Patriot Ledger: TOM BIRMINGHAM: Plan to scrap MCAS is a race to the middle

Share on Facebook
Share on Twitter
Share on
LinkedIn
+

Read this op-ed in The Patriot Ledger, where it was originally published on March 14, 2015

Since adopting the Massachusetts Comprehensive Assessment System test, student achievement in Massachusetts has become the envy of the nation and among the best in the world. It is a record that hardly merits scrapping the test, particularly for one that is likely to be less effective at preparing students for college and careers.

Beginning in 2005, the commonwealth’s students have scored first in the nation in every subject at every grade tested on the National Assessment of Educational Progress, known as the Nation’s Report Card.

American students as a whole fail to measure up against their high-performing international peers. But when Massachusetts students participated in Trends in International Math and Science Study assessments in 2007 and 2013, they were more than competitive. In 2007, our eighth-graders even tied for first in the world in math.

In 2013 Massachusetts also participated in the Program for International Student Assessment that assessed workforce readiness and problem-solving skills among 15-year-olds. In math, science and reading, the commonwealth significantly outperformed its peers and the national average. In math, Massachusetts was in the same performance bracket as Finland, Austria, Canada and Germany.
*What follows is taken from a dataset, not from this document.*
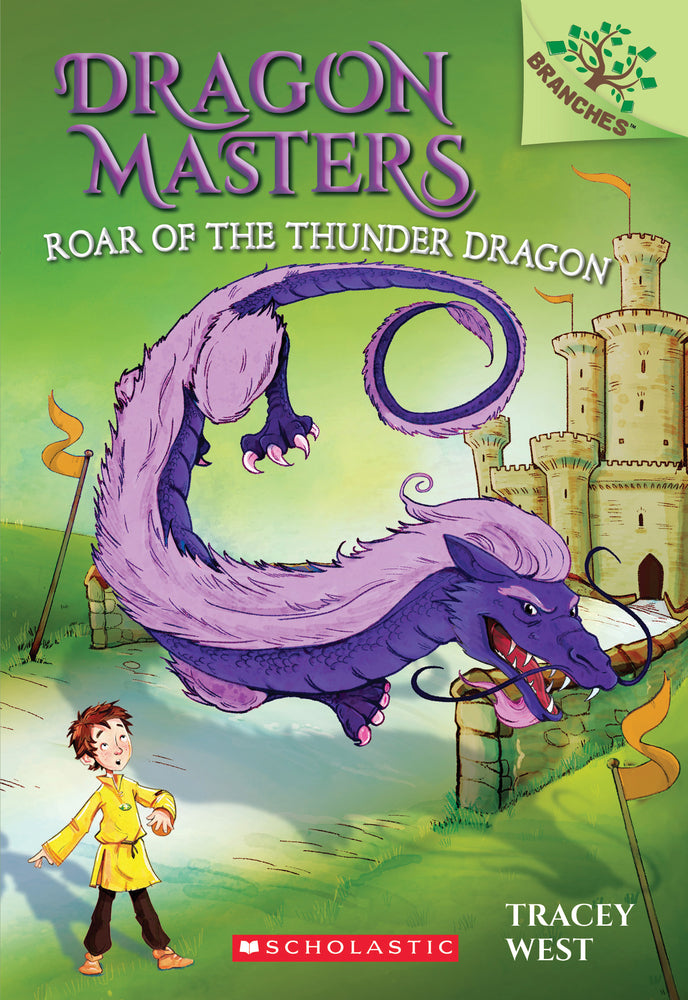 Book cover for Roar of the Thunder Dragon: A Branches Book (Dragon Masters #8): Volume 8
In reading, our students trailed only Singapore, Hong Kong and Shanghai.

There is little to indicate that switching to the Partnership for Assessment of Readiness for College and Careers test would improve or even match this record. In English language arts, the so-called Common Core standards on which the tests are based would reduce the amount of classic literature, poetry and drama that Massachusetts students study by about 60 percent.
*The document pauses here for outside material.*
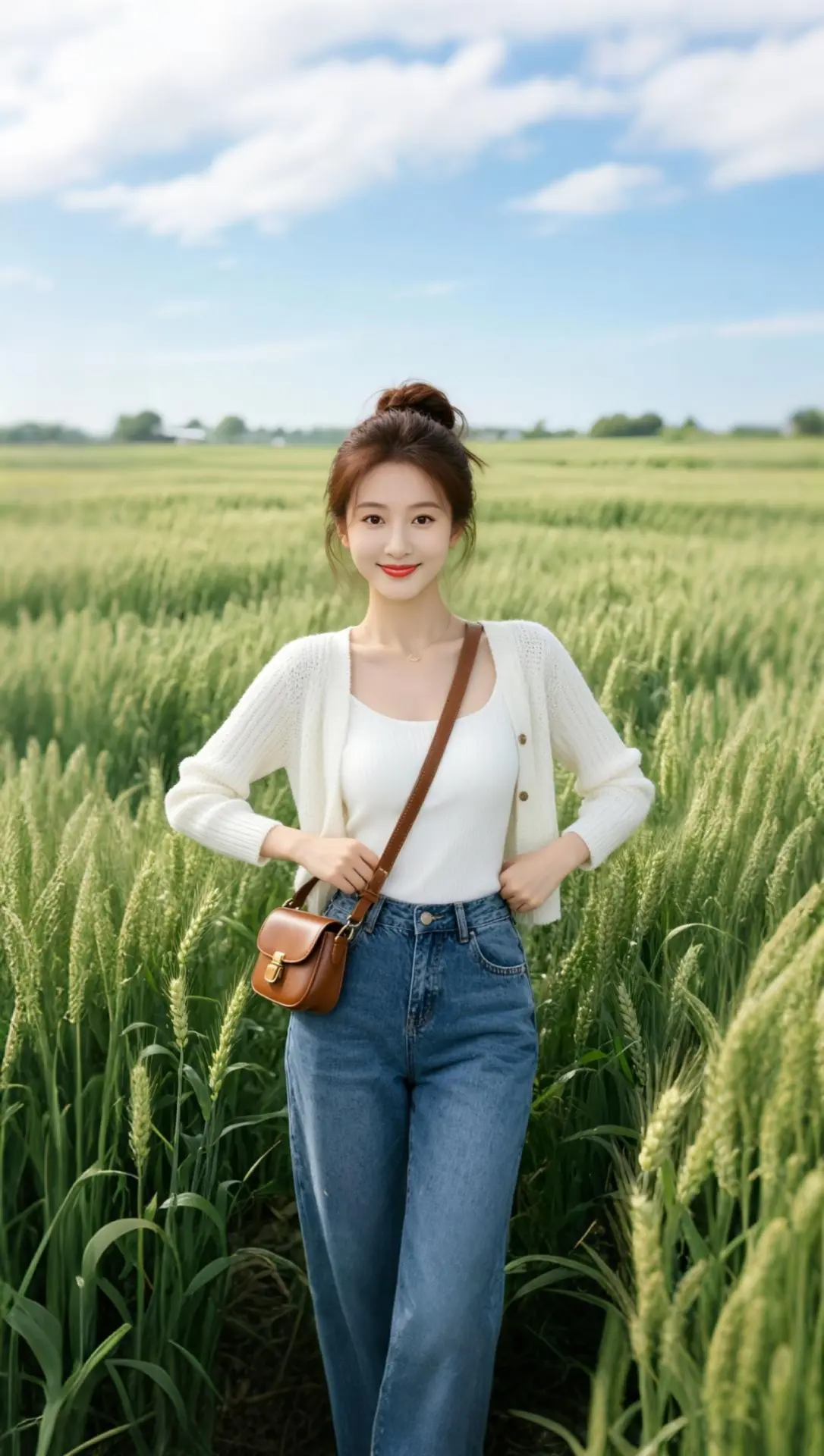 AI麦田优雅随拍 ai创作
A distinguished presidential panel found that Algebra I is the key to advanced math study and recommended that students study it in eighth grade, as currently occurs under Massachusetts’ state standards. But Common Core would delay Algebra I until early in 10th grade, preventing students from reaching high levels of math in high school.

Partnership for Assessment of Readiness for College and Careers advocates argue that the tests would better prepare students for college and careers. But Common Core ends with “Algebra II lite,” which is insufficient for students aiming for college majors in science, technology, engineering or math.
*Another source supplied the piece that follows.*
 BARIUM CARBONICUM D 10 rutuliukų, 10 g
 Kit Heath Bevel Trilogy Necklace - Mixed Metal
In 2008, the Board of Higher Education’s “Massachusetts School-to-College Report” made clear the very strong correlation between MCAS performance and both college success and the avoidance of remediation in higher education.

Common Core would create a “race to the middle.” There is no point in having a national standard unless students in all states can realistically be expected to reach that level. National Assessment of Educational Progress results indicate that there is no way that students in low-performing states like Arkansas and New Mexico could pass a test at the level of their Massachusetts counterparts, which would create downward pressure on Partnership for Assessment of Readiness for College and Careers’ rigor.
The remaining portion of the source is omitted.